As storage requirements are high in NGS, we recommend fast cluster-attached storage for downstream analysis. It is important to back up important files, but due to project size it might be (economically) unfeasible to back everything up. Temporary files can make NGS projects grow five to ten times on disk, so when deciding what to keep, one should weigh the time/cost to recompute intermediate results versus the cost to store them and the probability that they might be needed again. Our recommendation is to keep only the raw compressed fastq or bcl files, along with the necessary metadata describing the samples, for long time storage. This data is not only necessary to fully replicate the experiment, but it is often a mandatory requirement in case of quality assured facilities. Depending on the application, it might also be possible to commit the results of primary and/or secondary analysis (e.g., expression levels, variants, etc.) to long-term archives. On the other hand, all intermediate files (e.g., alignment) need to be removed as quickly as possible, but all the provenance information needed to reproduce them needs to be stored and associated with the raw data.

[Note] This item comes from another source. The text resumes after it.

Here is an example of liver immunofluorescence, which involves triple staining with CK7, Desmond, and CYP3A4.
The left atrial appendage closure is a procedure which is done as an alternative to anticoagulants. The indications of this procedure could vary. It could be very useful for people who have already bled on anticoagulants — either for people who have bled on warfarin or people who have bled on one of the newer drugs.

If providing a general e-infrastructure to scientists, a wide range of bioinformatics tools needs to be installed in order to cater to the various requirements of different bioinformaticians. Virtual machine images can simplify provisioning of environments, avoiding cumbersome installation of tools with complex dependencies. On shared systems with many users, managing software installations and upgrades might require dedicated personnel.
As previously mentioned, current downstream analysis often makes inefficient use of e-infrastructure resources. Educating users to improve the efficiency of their operations should help improve the situation, as should investment in tools that use computational resources more efficiently. We see the possibility of using workflow systems to improve resource utilization. In many cases such solutions (e.g., Galaxy and Chipster) can excel over simple in-house scripts when it comes to decomposing analysis into smaller parts that can be run separately with adequate resource allocations . Also, cloud systems allow for overcommitting virtual CPUs (sharing of compute cores) which could improve the situation for some types of inefficient bioinformatics jobs, but due to their variable memory usage patterns we do not think this will work as well as it has for general IT server workloads (e.g., web servers). On the other hand, big data frameworks, such as Hadoop and especially Spark, would allow efficient resource usage in cloud systems.

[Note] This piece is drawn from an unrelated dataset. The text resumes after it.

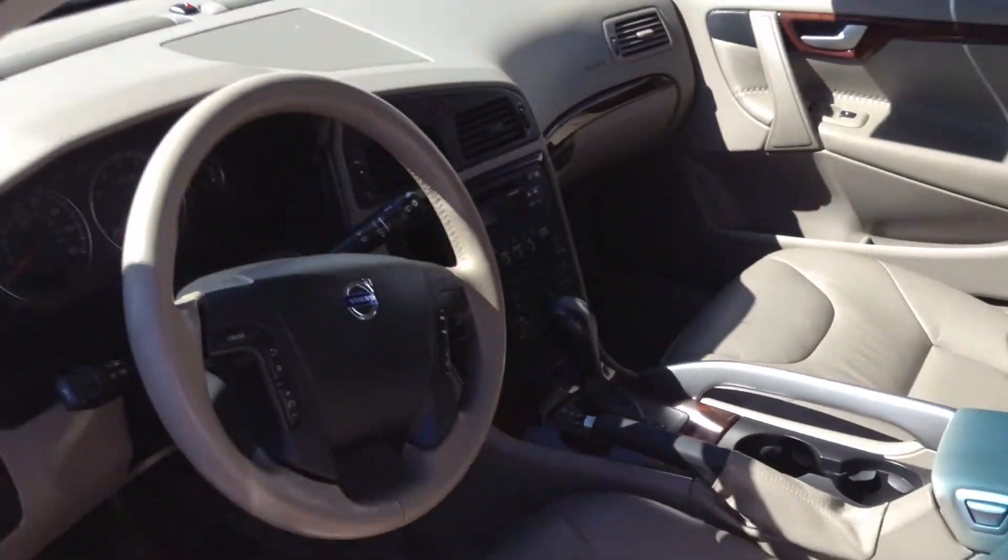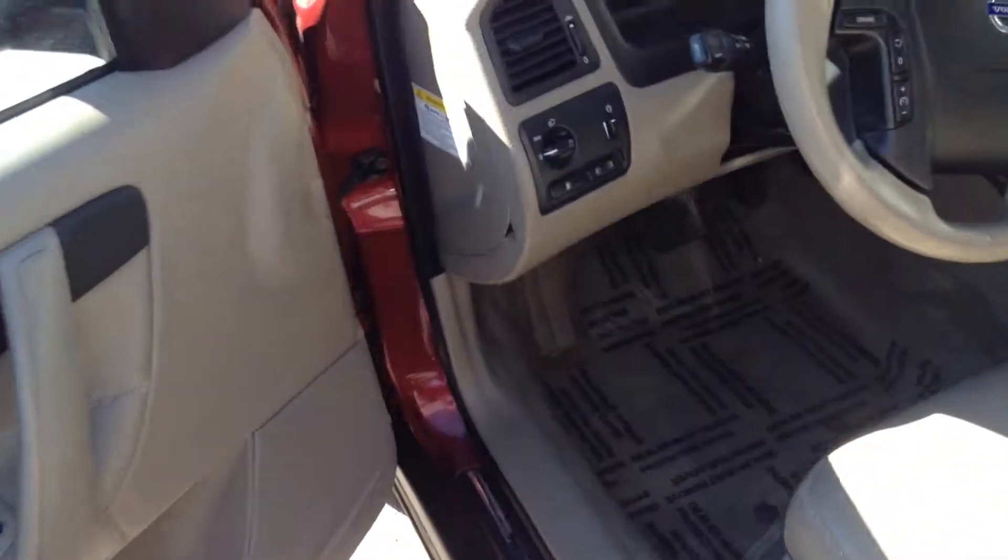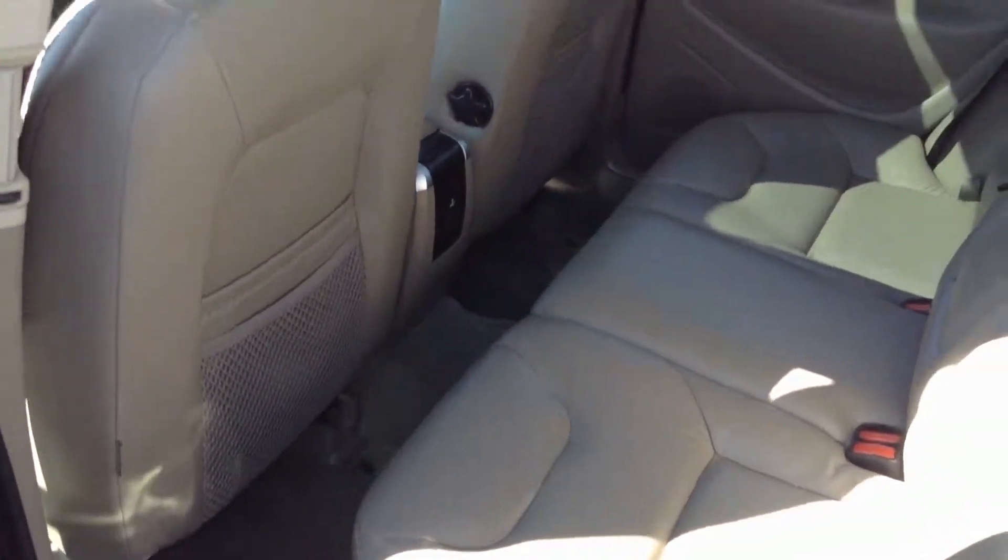The weather stripping looks like it's in great shape. It's very clean on the inside — very good shape for the year.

Long-term storage and archiving
After downstream analysis, raw data, results, and temporary files often need to be moved from cluster-attached storage to medium- or long-term storage. Medium-term archival can be required while waiting for publication, or because of a pause in the project (for instance, while waiting for data from additional samples to become available). Upon project completion, data typically goes into long-term archival and datasets may need to be published online.
For long-term storage and archiving the focus is on storage reliability, not performance. Disk- and tape-based solutions are currently the cheapest solution for this task. We suggest the use of specialized compression for long-term storage, despite the fact that many common bioinformatics tools do not read these formats directly . Various compression tools exist [20, 21]; of these, CRAM  may be the most popular thanks to the support from EMBL-EBI. When archiving upon project completion, we recommend only keeping the raw data and final results, not the intermediate data. However, it is important to store the complete analysis workflow with all parameters and software versions to ensure reproducibility of the work and the ability to regenerate the deleted files, if needed. Also, to help devise rational archival policy one should estimate the total cost of long-term data storage and compare it with the cost of regenerating the data – even considering resequencing if it is possible to store or obtain new samples.
Discussion and outlook
The most common e-infrastructure for NGS data management and analysis is currently an HPC cluster with a network-attached storage system, running the Linux operating system, and with bioinformatics tools installed. However, we observe a trend that IaaS solutions are becoming available and have seen some adoption in NGS analysis. We are pleased to observe that e-infrastructures are increasingly planned and procured along with the data-generating instruments (such as sequencers) that they support – unlike just a few years ago, when the data management infrastructure was in many cases ignored and not included in grant applications. Nowadays, the costs for e-infrastructure are visible and form a big part of NGS investments. However, the time to plan, procure, install, and test e-infrastructure is considerably longer than the time necessary to obtain an operational data-generating instrument, and it is not uncommon that new sequencers are acquired before the supporting e-infrastructure is fully deployed, forcing them to run at reduced capacity.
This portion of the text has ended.